Di katakan pula,” Bahwa dengan adanya kasus tersebut diatas, diharap semua pihak responsif, jangan di biarkan berlarut-larut dan perlu penanganan yang cepat karena menyangkut hak anak sebagaimana amanat UUD 1945 pasal 28 b ayat(2) yang menyangkut hak anak, dalam hal ini KPAI harus secepatnya memberikan pendampingan terhadap anak atau korban tersebut, begitu pula jajaran kepolisian harus sigap dan tanggap terhadap issue yang berkembang, karena permasalahan tersebut bukan merupakan delik aduan akan tetapi delik biasa,” tegasnya.

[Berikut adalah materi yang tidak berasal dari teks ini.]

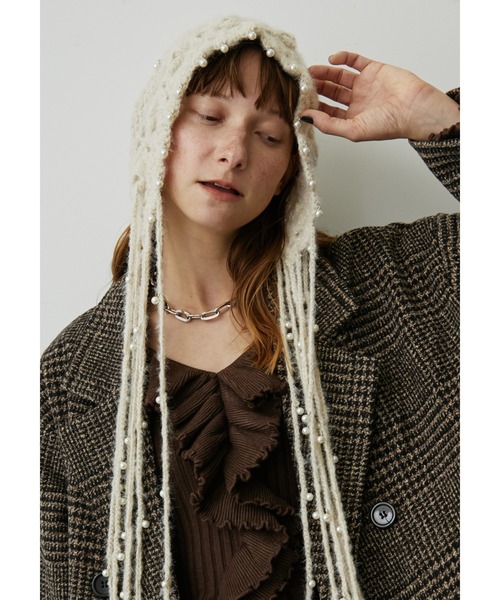 uyu.（ウユ）の「フリンジパールニットキャップ（ニットキャップ/ビーニー・レディース・ブラック/ブラウン/レッド/アイボリー・FREE）」の9枚目の写真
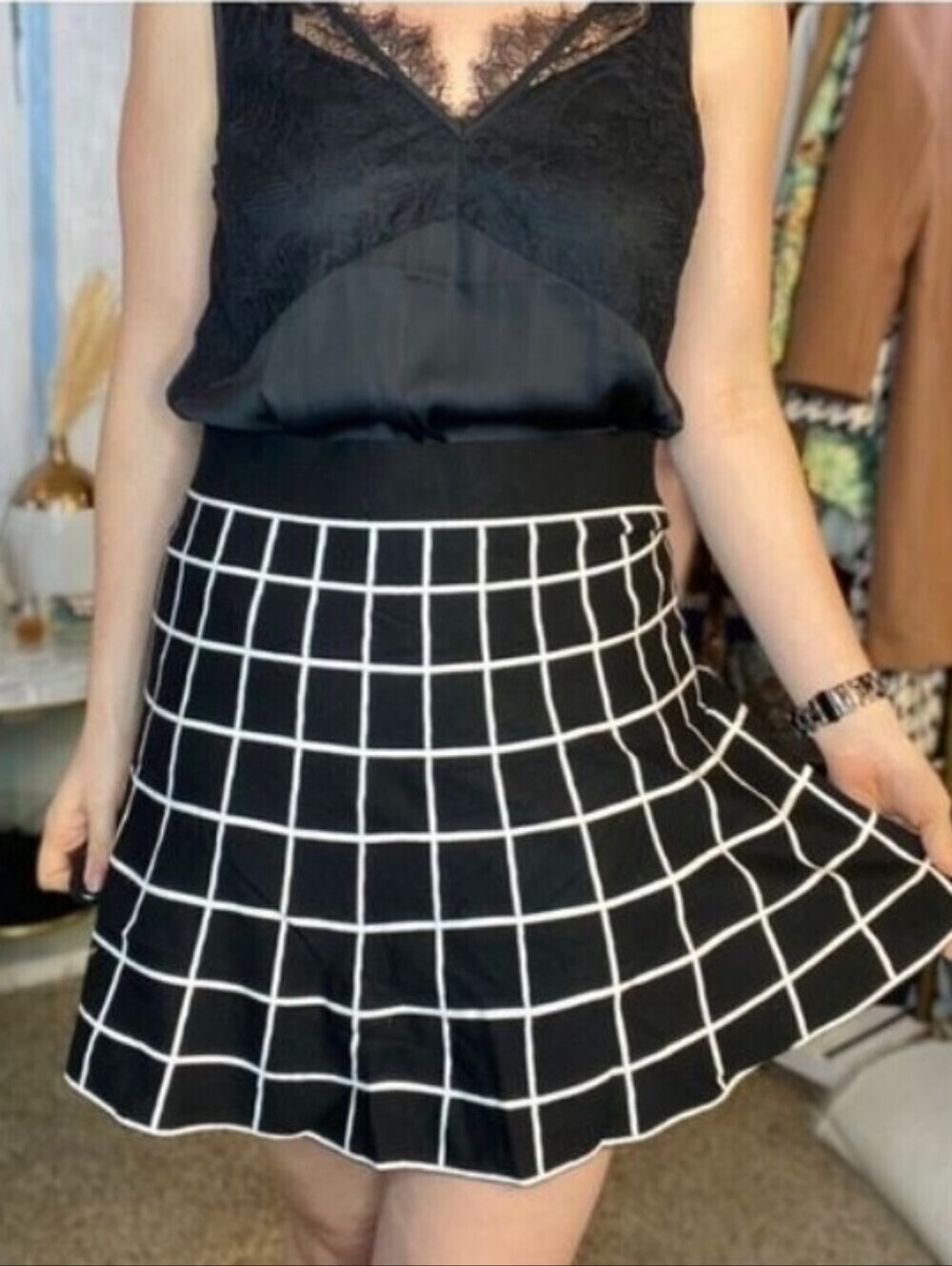 Ann Taylor Black White Windowpane Pull On Knit Sweater Skirt Size Small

” Dinas Pendidikan dan BKD pun harus berperan aktif menangani dan memanggil terduga karena inisial “K ” yang merupakan guru yang berstatus P3K, bukan menunggu laporan dan pengaduan. Karena tayangan berita yang di tulis oleh beberapa media cukup untuk dijadikan bahan atau bukti tertulis yang tersaji,” pungkasnya.